As China enters the year of the dragon, the surrogate industry is preparing for an upswing in business with parents rushing to have a baby in the luckiest lunar year.

Shanghai authorities expect 180,000 babies to be born in 2012, 10% more than last year, according to the Shanghai population and planning commission. Countries with a strong Chinese diaspora typically experience a boom in “dragon” babies, as the creature is associated with might, intelligence and is historically linked to emperors.

Gao, who didn’t want to give her real name, also feels a sense of urgency. “I hope I can find the next client before March, as I’m already 32 and the time left for me [to be a surrogate] is limited,” she says. Like many surrogates Gao is from one of China’s remote regions, in her case the most north-eastern province, Heilongjiang.

Two years ago she received 200,000 yuan (£20,000) for her services to an infertile, middle-aged couple from the affluent former capital, Nanjing. Surrogates can earn anything from 100,000 yuan to over 300,000 yuan, approximately 120 times the average monthly salary of a graduate in Beijing. Though there is no specific law relating to surrogacy in China, in 2001 the industry was driven underground when the ministry of health banned trade in fertilised eggs and embryos, forbidding hospitals from performing surrogacy procedures.

Regulations are openly flouted. While there’s no official count, the Guangzhou-based newspaper Southern Metropolis Weekly estimated last year that there have been 25,000 surrogate children born in China in the past 30 years. More than 100 surrogacy agencies advertise online.

Given that 10% of couples struggle with infertility, a rate that is on the rise according to research by the ministry of health, there’s a potentially huge market for surrogacy in China. “Parents living in Shanghai or Beijing have to travel to far-flung cities such as Wuhan, Harbin and Hohhot to meet a surrogate mother and find a hospital willing to finish the transplantation,” says Mrs Zhou, a surrogacy agent in Shanghai, who requested just her family name be used.
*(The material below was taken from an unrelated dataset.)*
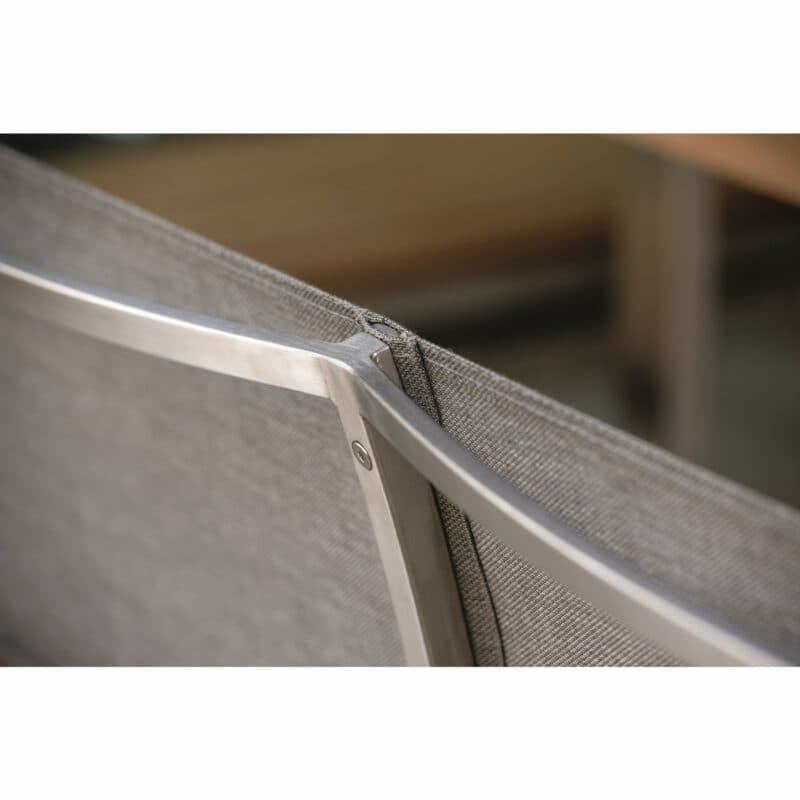 Stern "Viona" 2-Sitzer Gartenbank, Gestell Edelstahl, Rückenlehne Textilgewebe Leinen grau, Sitzfläche Teakholz, Detail Rückenlehne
Most couple-surrogate pairings are arranged through internet-based agencies, with agents expected to find one or two surrogates each month, earning 2,000 yuan (£200) for each, according to Zhou.
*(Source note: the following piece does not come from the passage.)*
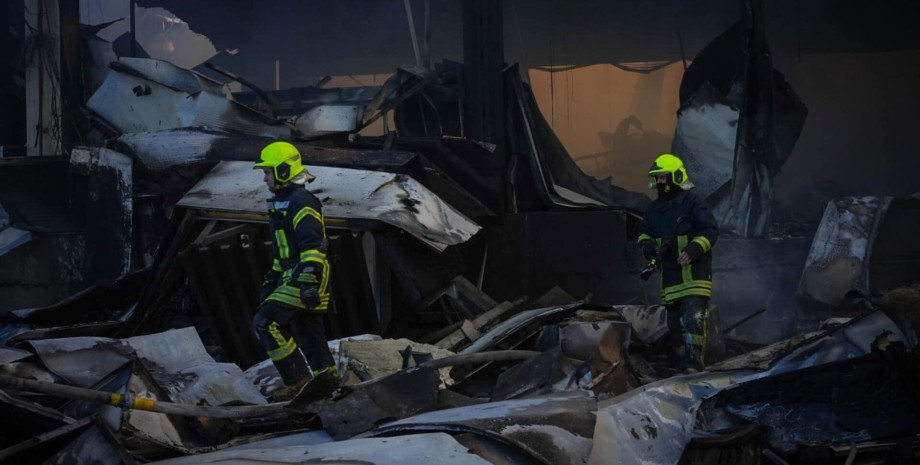 Selon le SES de la région d'Odessa, après l'attaque russe, un incendie a éclaté ...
During pregnancy, surrogates are often contractually obliged to reside in a “surrogate dorm”, where they share rooms, are cared for by nannies and are governed by a strict set of rules. At Zhou’s agency, violations include being awake after 9.30pm and telling friends and relatives the dorm’s whereabouts. Surrogates who flout the rules are subject to a fine (typically 500 yuan or £50) and may lose their end of the contract.

Many infertile parents are willing to pay any price for a precious single child. “You suffer psychological torture from the fear you will never have a child,” says Mr Li, 42, a father whose child was born through a surrogate and who requested his name be changed. “Then you fear that something will happen when the surrogate mother is pregnant, and then, even when you have the child in your arms, you begin to worry that someone will discover the truth.”
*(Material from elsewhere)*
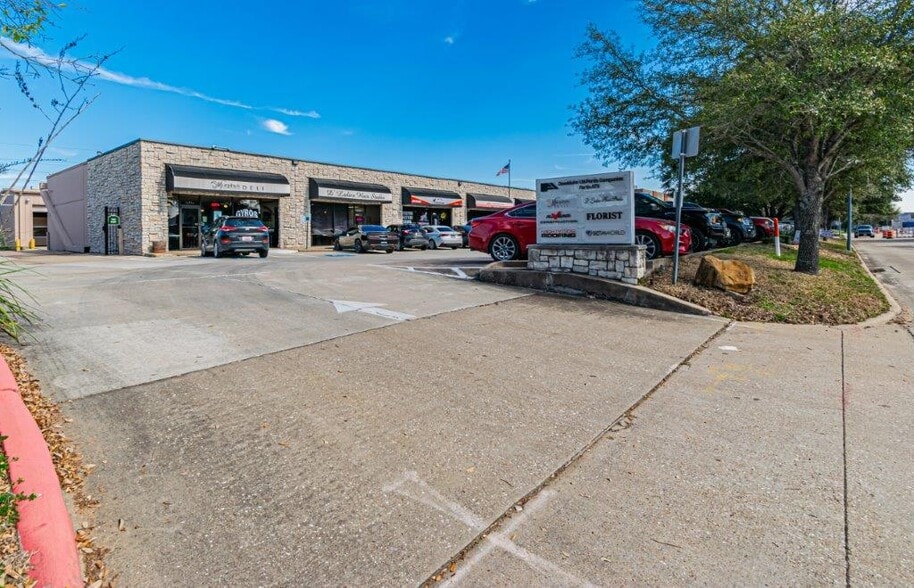 16522-16536 Park Row, Houston, TX for lease - Building Photo - Image 2 of 30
Li, a wealthy businessman who owns a chain of restaurants in Chengdu, already has a seven-year-old daughter but is planning to have a dragon boy this year.

Though the ministry of health stipulates that the use of reproduction techniques such as IVF must conform to China’s “family planning policy”, surrogacy is one way moneyed parents bypass the one-child rule. “There are some parents trying to avoid one-child policy by surrogacy, but I think the practice should be governed by some laws or rules,” says Zhai Zhenwu, director of Renmin University’s school of sociology and population.

“It’s unfair to poor citizens to whom it seems the rich can have as many children as they want. It’s another negative signal to society that money can buy anything, when we should be teaching people that the golden key can’t open every door.”

But for women such as Gao, the decision to surrogate isn’t an ethical one: it provides her family with much-needed cash, even if there’s an emotional cost. Though her husband cared for her in their home during her first surrogacy, for the next Gao plans to move out of town. “My relatives and neighbours would be sceptical if I tell them the baby is stillborn again,” she says.